RE: Mozilla Policy Requirements CA Incidents

2019-10-15 Thread Jeremy Rowley via dev-security-policy
I like this approach. You could either add a page in the policy document or 
include the information in the management assertion letter (or auditor letter) 
that gives information about the auditor’s credentials and background. I also 
like the idea of summary on what the auditor followed up on from the previous 
year. This could be helpful to document where an auditor changed between years 
to see what they reviewed that another auditor noted or to see where the 
auditor had concerns from year to year. It can track where the CA may have a 
re-occurring issue instead of something that is a one-off concern.

From: Ryan Sleevi 
Sent: Monday, October 14, 2019 4:12 PM
To: Ryan Sleevi 
Cc: Jeremy Rowley ; Wayne Thayer 
; mozilla-dev-security-policy 

Subject: Re: Mozilla Policy Requirements CA Incidents

In the spirit of improving transparency, I've gone and filed 
https://github.com/mozilla/pkipolicy/issues/192 , which is specific to auditors.

However, I want to highlight this model (the model used by the US Federal PKI), 
because it may also provide a roadmap for dealing with issues like this / those 
called by policy changes. Appendix C of those annual requirements for the US 
Federal PKI includes a number of useful requirements (really, all of them are 
in line with things we've discussed here), but two particularly relevant 
requirements are:

Guidance: Previous year findings Did the auditor review findings from previous 
year and ensure all findings were corrected as proposed during the previous 
audit?
Commentary: Often, the auditor sees an Audit Correction Action Plan, POA, or 
other evidence that the organization has recognized audit findings and intends 
to correct them, but the auditor is not necessarily engaged to assess the 
corrections at the time they are applied. The auditor should review that all 
proposed corrections have addressed the previous year’s findings.

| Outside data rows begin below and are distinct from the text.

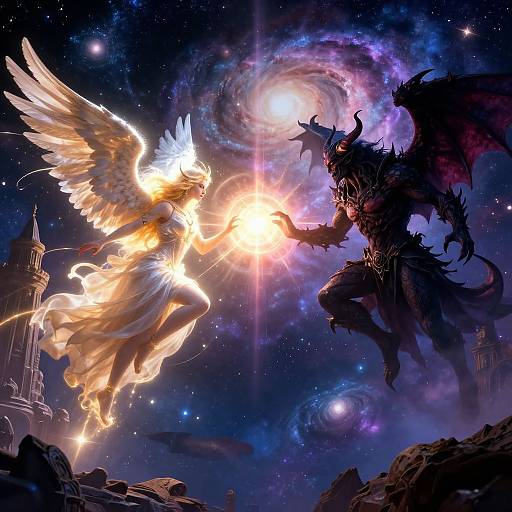 Celestial Battle Between Angels and Demons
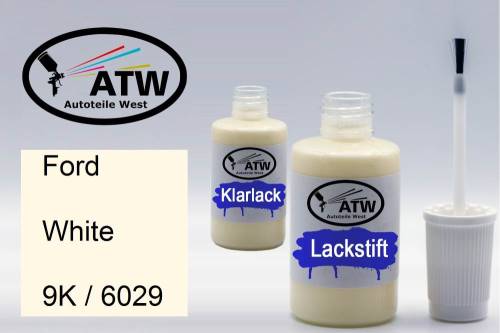 Ford, White, 9K / 6029: 20ml Lackstift + 20ml Klarlack - Set, von ATW Autoteile West.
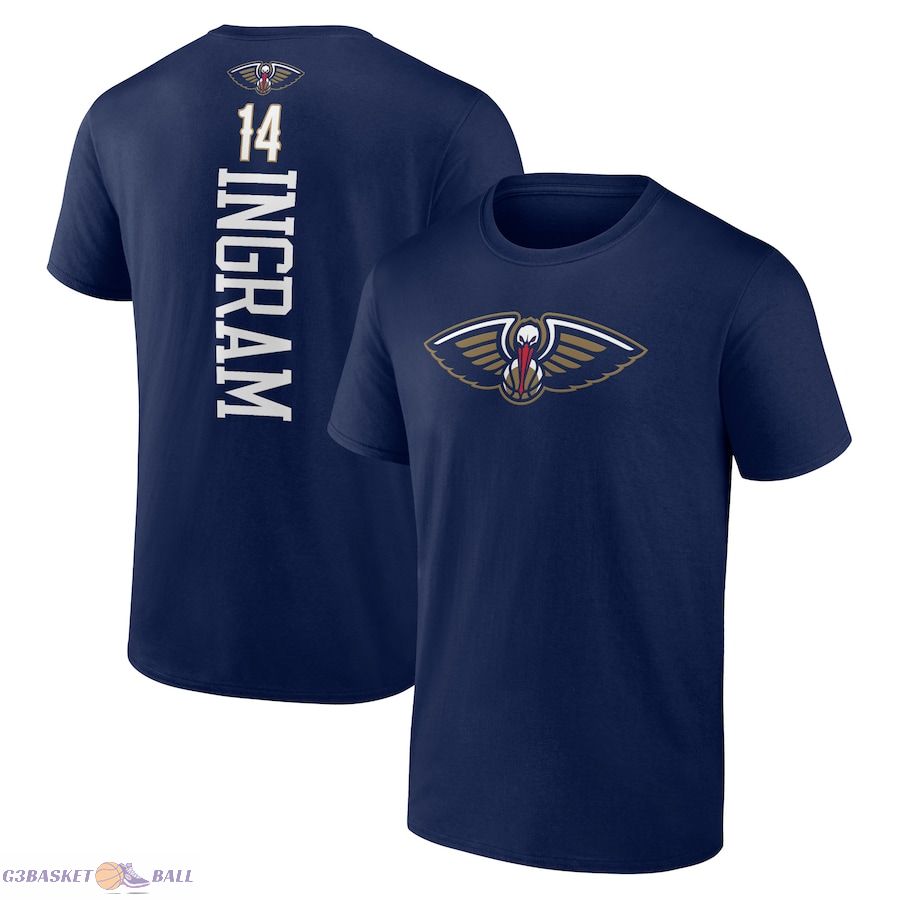 Men's New Orleans Pelicans Brandon Ingram Navy Playmaker Name & Number T-Shirt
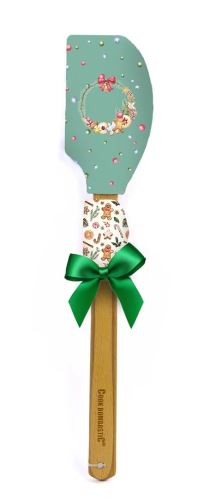 ALVARAK Stěrka kuchyňská 2 ks 32 + 21 cm, silikon/dřevo, vánoční motiv, věnec/perníček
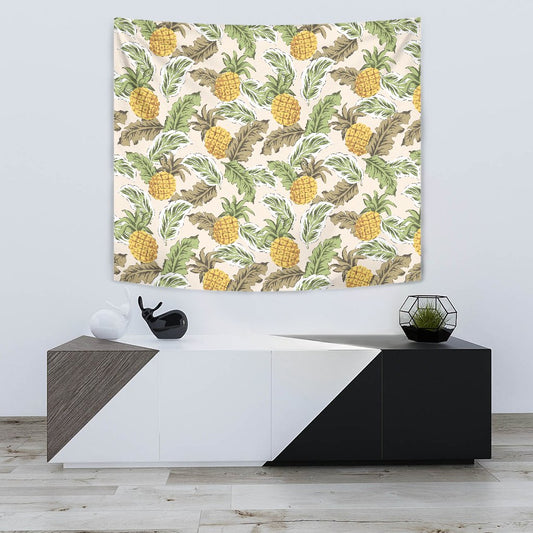 Pineapple Vintage Tropical leaves Wall Tapestry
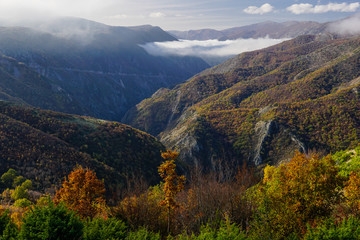 View from Vodno mountain towards Matka canyon and the Suva mountain peaks in North Macedonia
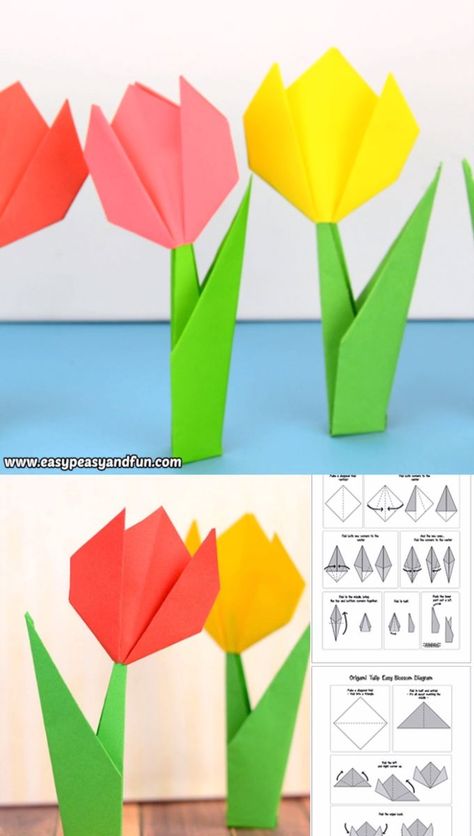 Learn how to make origami flowers – this origami tulip tutorial will teach you how to make a super easy flower that stands on it’s own! Tulip Tutorial, Origami Tulip, Flower Crafts Kids, Tutorial Origami, Kids Origami, Weihnachten Diy, Desain Quilling, Folding Origami, Instruções Origami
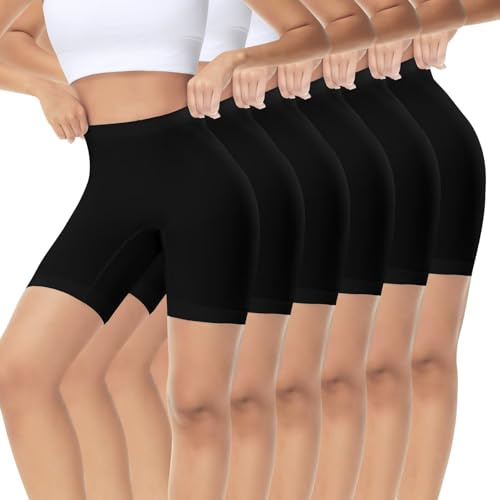 IceReco Pantaloncini Ciclismo Donna Estivi Leggins Sportivi Corti Shorts Boxer Ciclista Ciclisti Fitness Biker Yoga Corsa Palestra Allenamento Atletico Antisfregamento Cotone Pacco da 6 Nero Neri M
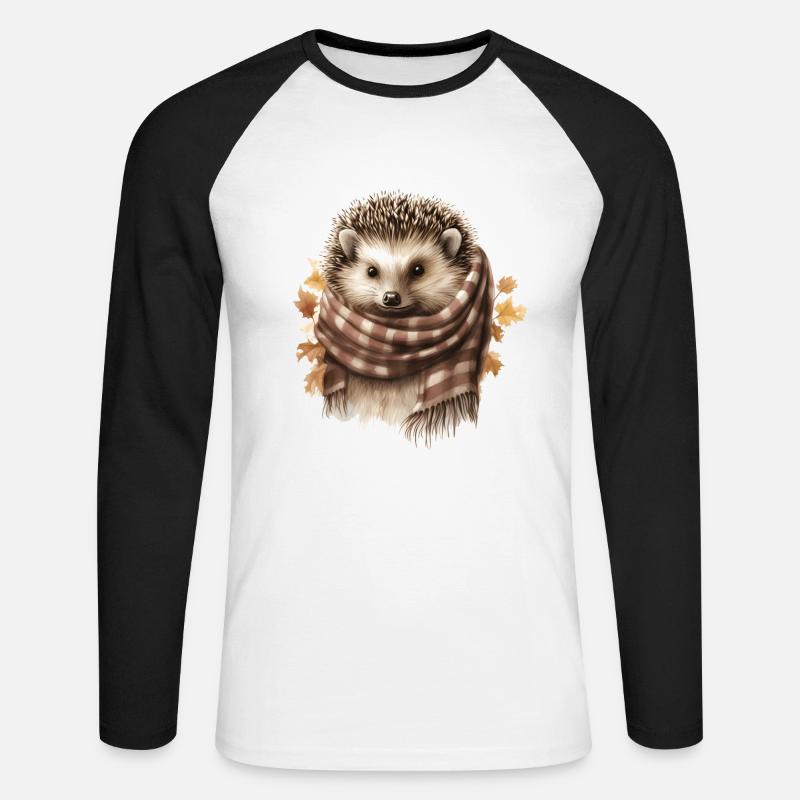 Igel mit Schal Süßes Tier - Unisex Baseballshirt langarm - Weiß/Schwarz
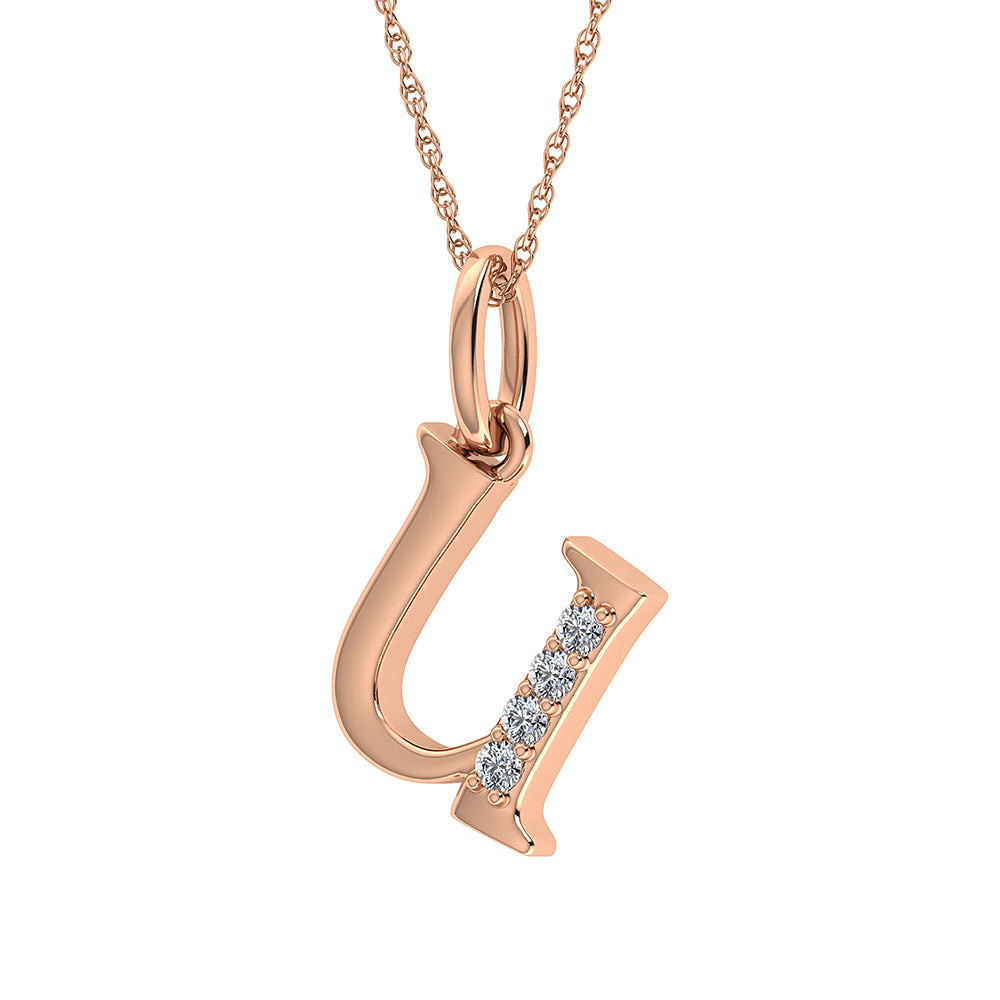 Diamond 1/20 Ct.Tw. Letter U Pendant in 10K Rose Gold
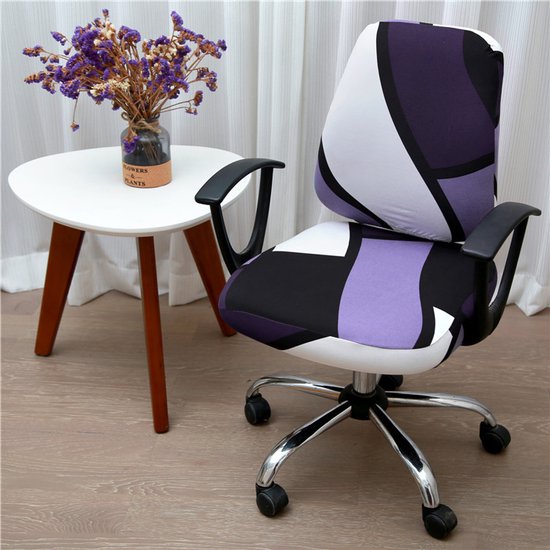 Housse de chaise amovible, adaptée aux chaises de bureau avec accoudoirs et assises pivotantes, housse de chaise d'ordinateur, housse d'assise de chaise amovible universelle moderne - chaise non incluse, Couleur - 2.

Guidance: Changes Because the FPKI relies on a mapped CP and/or CPS for 
comparable operations, has the auditor been apprised of changes both to 
documentation and operations from the previous audit?
Commentary: CPs change over time and each Participating PKI in the FPKI has an 
obligation to remain in synch with the changing requirements of the applicable 
FPKI CP (either FBCA or COMMON Policy) – has the participating PKI’s CP and CPS 
been updated appropriately? If there have been other major changes in 
operations, has a summary since the last year’s audit been provided or 
discussed with the auditor?


This might be a model to further include/require within the overall audit 
package. This would likely only make sense if also adding "Audit Operational 
Findings" (which Illustrative Guidance for WebTrust now includes guidance on, 
but which ETSI continues to refuse to add) and "Audit MOA Findings" (for which 
"MOA" may be instead seen as "Mozilla Root Certificate Policy" - i.e. the 
things above/beyond the BRs). We've already seen WebTrust similarly developing 
reporting for "Architectural Overview", and they've already updated reporting 
for "Assertion of Audit Scope", thus showing in many ways, WebTrust already has 
the tools available to meet these requirements. It would similarly be possible 
for ETSI-based audits to meet these requirements, since the reports provided to 
browsers need not be as limited as a Certification statement; they could 
include more holistic reporting, in line with the eIDAS Conformity Assessment 
Reports.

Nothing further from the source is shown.